Navidad
¿Por qué, de nuevo, esta melancolía? La Navidad no le concierne, se dice. Él ha blindado su vida frente a la creencia: religiosa, como de cualquier otro tipo. No es un empeño personal. Tan sólo una exigencia del oficio. La que fija Platón hacia el final del libro seis de la República: el que quiera hacer profesión de filosofía debe abandonar opiniones y creencias, para adentrarse en la selva, matemáticamente regulada, del conocimiento. Es legítimo conocer. Es legítimo creer u opinar. Amalgamar ambos, no.
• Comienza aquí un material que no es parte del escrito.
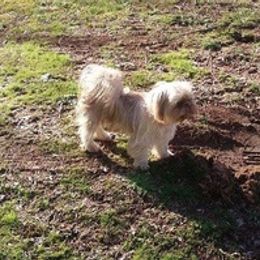Shih Tzus from Peach Shih Tzu With Love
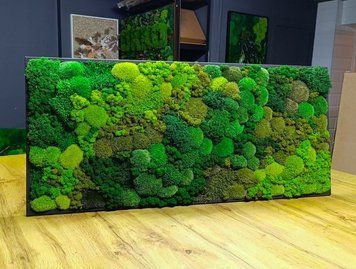 Картина з Декоративного Моху &mdash; 90x60 см - Ягель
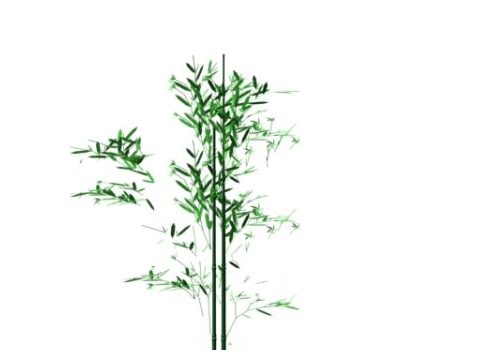 Wild Bamboo Plant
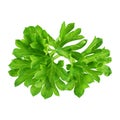 Fresh green parsley twig isolated Royalty Free Stock Photo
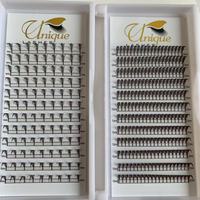 Extensions de cils en gros, styles Comic Spire, Manga, Anime, courbure D, 0.07mm, mix 8-15mm, bouquets préfabriqués, fibre PBT coréenne, faits à la main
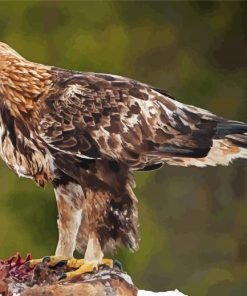 Adorable Golden Eagle Diamond Paintings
La cosa tiene sus incomodidades. Pero sin esa barrera, estaríamos condenados a lo peor. Schelling dará axioma a esa paradoja de la filosofía: «Es duro alejarse así de la última orilla». Nadie está obligado a hacerlo.
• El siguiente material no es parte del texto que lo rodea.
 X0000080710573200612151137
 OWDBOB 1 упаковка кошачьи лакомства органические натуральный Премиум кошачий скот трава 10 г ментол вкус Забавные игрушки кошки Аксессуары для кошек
No le conciernen a él, pues, estas celebraciones. Ni para mal ni para bien. Y ni siquiera, este año, le incomodan los abigarramientos ornamentales: la crisis tiene sus ventajas. Madrid parece, en las navidades de estos últimos años, Madrid. Y no el horrendo escaparate eléctrico en que se hizo norma convertirlo, cuando gastar era fácil. Ahora, al pasear por la ciudad, tan sólo el exceso de viandantes choca con su natural misantropía. Pero sonríe: a la presencia humana, a su tumulto párvulo. Y hasta se le adivina una vaga ternura. ¡Dios, qué viejo se ha ido haciendo! ¿Dónde quedó la mala uva de sus mejores años? Pero está bien que así sea, se dice. Es el modo más cortés de ir despidiéndose de un mundo al cual guarda escaso apego.
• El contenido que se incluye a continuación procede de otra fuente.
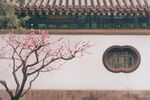 中国风庭院摄影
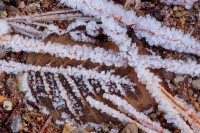 Ice, Crystals, Leaf, Leaves, Pine, Needles, Pine Needles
Y, sin embargo, esta melancolía? En otros tiempos, podía atenuarla, arrojándose a la embriaguez de los consumos excesivos. Pero eso se lo llevó la recesión ya para siempre. Y los alcoholes ?navideños o no? nunca le tentaron. Y comer ?navideñamente o no? le ha parecido siempre una fea pervivencia animal, indigna de ser exhibida. Pasea. Mirar lo sigue entreteniendo. Así dicen que describía Pitágoras al filósofo: «El que mira». Le aturde el ruido. Pero el ruido en las calles nunca enoja. Sólo en la habitación cerrada, que Sartre describiera, lúcido, en Huis-clos. Aquí fuera, es poco más que un rodar cansino como de cantos que redondeó la erosión del tiempo. Casi bucólico, ese indefinido ronroneo: la vida.
Sabe, así, que debe sobreponerse a este deslizamiento tedioso, al cual da abusivo nombre de melancolía. Porque detrás de su indolencia nada hay de poético. Sólo hay constancia del cíclico retorno al contable punto de partida. Y no, no es melancolía lo que esa contabilidad anuncia ahora. Es miedo. No se puede decir que 2013 haya sido un año bueno precisamente. A la vista de lo que viene, sin embargo, en 2014 no tendremos más remedio que añorarlo. El horizonte de un país troceado inquieta a un hombre escéptico, como él lo es, no por añoranzas de grandeza, a las cuales se sabe inmune. Le incomoda, porque sabe lo que vendrá con el juguete grandilocuente de las independencias: la ruina; para todos. Y eso no le hace gracia. Él ?¿a cuento de qué ocultarlo?? fue siempre un epicúreo. ¿Por qué, entonces, esta melancolía?